FULLERTON —  Services were held Wednesday for Juanita Bastanchury Ferraris, a member of one of Orange County’s earliest ranching families, who died Saturday of congenital heart failure. She was 77.

 

Natives of the Basque country in Spain, family forebears Domingo and Maria Bastanchury came to what is now Orange County in the 1860s and started a sheep ranching business on 2,000 acres of land. They bought an additional 4,000 acres in the early 1900s and switched to citrus farming.

 

The ranch soon became one of the largest orange groves in the world, covering parts of what are now Fullerton, La Habra and Brea. The Bastanchury house still stands on East Las Palmas Avenue in Fullerton.

 

The Bastanchurys had four sons, Gaston, Joseph, John and Dominic, who were actively involved in the running of the ranch. Gaston’s attempt to strike oil turned into a serendipitous water discovery that eventually became the Bastanchury Water Co., which serviced the ranch for many years. The family is no longer associated with the company.

 

The daughter of Joseph and Juanita Bastanchury, Juanita Bastanchury Ferraris was born in 1913 on her grandparents’ ranch.
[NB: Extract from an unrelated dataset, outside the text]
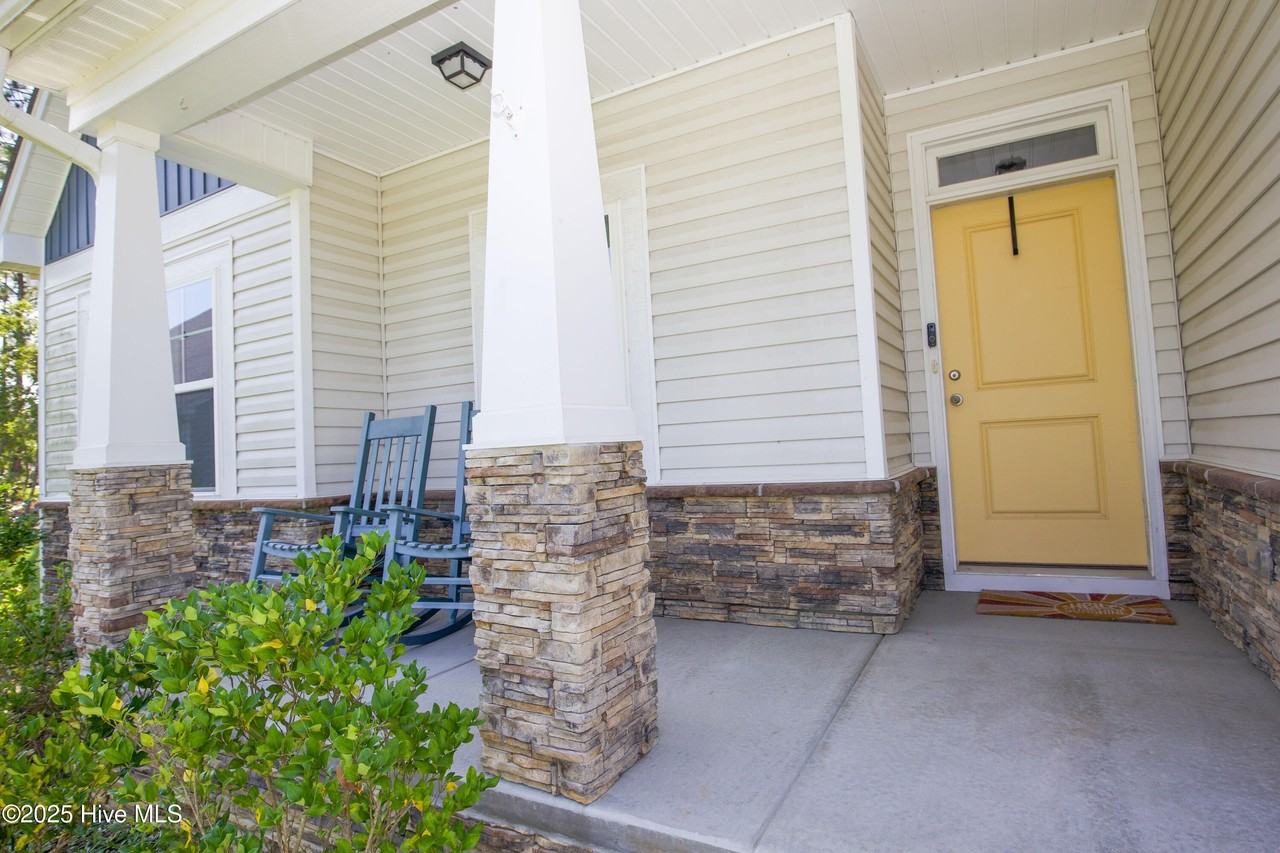 1385 Whitney Dr - Photo 4 of 41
The Fullerton native attended elementary school in Anaheim and went to high school at Ramona Convent School in Flintridge. As a young woman she was appointed executor of her grandmother’s estate and became involved in the running of the ranch, according to her niece, Mercedes Szarka. She married Angelo Ferraris in 1945. Their son, Angelo Jr., died in 1982. Mr. Ferraris died in 1985.

 

Mrs. Ferraris was one of the founders of the St. Jude’s Hospital Guild, the hospital’s fund-raising and volunteer organization. Until she retired about 10 years ago, she coordinated volunteer efforts and acted as liaison between hospital personnel and the administration.

 

“She was involved with St. Jude’s for as long as I can remember, at least 25 years,” Szarka said. “She also worked on an oral history of the family for Cal State Fullerton’s history department.”

 

“Auntie Ta,” as her nieces and nephews used to call her, “had a great sense of humor, was a good listener and was fun to be around,” Szarka said. She loved to travel, to go to “nice places for dinner and to go to the beach, to look how things had changed over the years.”

 

The rites were said at Fullerton’s St. Mary’s Catholic Church, which was built on land donated by Mrs. Ferraris’ grandmother, Maria Bastanchury. Burial will be at Queen of Heavens.